InBrief eNewsletter | Vanderbilt University Law School

December 2007 Newsletter

International & Comparative Law: Ingrid Brunk Wuerth

Ingrid Brunk Wuerth

Most U.S. citizens view the Constitution as the glue that holds American democracy together. Ingrid Brunk Wuerth , who joined Vanderbilt’s international law faculty this fall, sees a complex document that can be interpreted in different ways to effect different outcomes relating to international security issues.

Professor Wuerth is applying her expertise in comparative law, foreign relations law, and international law to several sensitive constitutional questions, including which branch of government has the power to make decisions in times of war, and who decides the treatment of detainees, like those at Guantanamo Bay in Cuba.
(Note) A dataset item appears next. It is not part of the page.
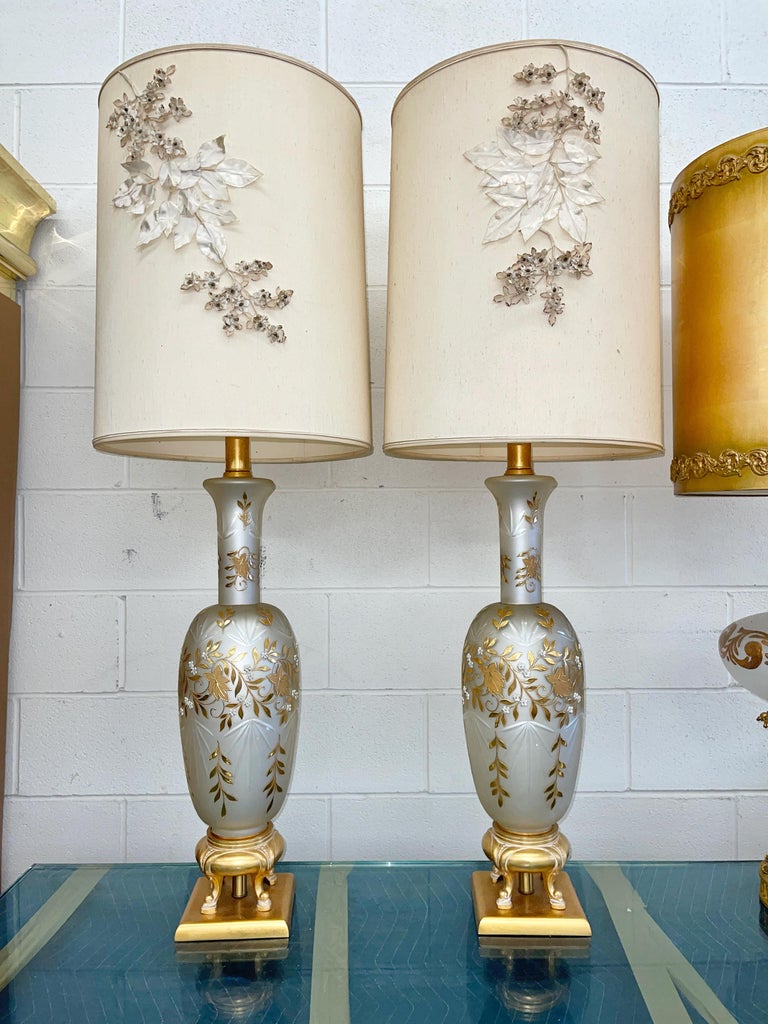 Pair of outrageously over the top (bordering on kitsch) monumental table lamps created in the early 1960's in the style of Carl Falkenstein, Marbro and Rembrandt lighting.
The ultimate in mid-century Hollywood Regency including original drum shades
Professor Wuerth believes that the Sept. 11 terrorist attacks and related issues not only raised new questions of domestic foreign relations law, but they also begun to change the field of comparative constitutional law. “A lot of the research in comparative constitutional law has been very rights-focused,” she says. “Since 9/11, many of the most interesting constitutional questions are ones dealing with separation of powers, executive authority and emergency powers, and these areas tend to be under explored in the comparative context.”

Among the “emergency powers” Professor Wuerth is researching is the commander-in-chief clause. “There’s always a tension between executive power, legislative power and judicial power in times of war,” she says. “The commander-in-chief clause is a famously difficult area of constitutional interpretation, partly because there is so little case law, specifically on what the commander-in-chief clause means.”

Professor Wuerth argues that international law can serve as an important tool in interpreting the Constitution, including the commander-in-chief clause, in part because many questions of war-related international law were given to Congress, not the president. “It runs totally counter to what we think of,” she says. “We think the president should be the one making all of the decisions that have important international ramifications; he should be the one to interpret treaties of war and so on. But I argue that the text of the Constitution, at the time it was drafted, vested many of those powers with Congress, not the president.”

Professor Wuerth is also examining the power Congress has over ‘captures.’

“The Constitution gives Congress the power to make rules concerning captures on land and water,” she says. “Politicians and critics of the administration have argued that this must give Congress the power to decide how prisoners and detainees are treated.”

However, while the Guantanamo detainees are the most pressing ‘captures’ at issue, Professor Wuerth says, “The framers may not have been talking about people when they wrote this part of the Constitution. At the time, ‘captures’ most often referred to captures of property, enemy cargo and enemy vessels at sea.” She hopes to write a definitive article on the meaning of that clause in the Constitution.

Professor Wuerth joined the Vanderbilt faculty this summer and spent the Fall 2007 semester, in Berlin, Germany, studying comparative constitutional law as a Fulbright scholar at the Free University. She will begin teaching foreign relations law and civil procedure at Vanderbilt in January and is “thrilled” with the courses she’s teaching because “they’re exactly in my area of expertise.” She was a visiting professor at Vanderbilt last spring and taught comparative constitutional law.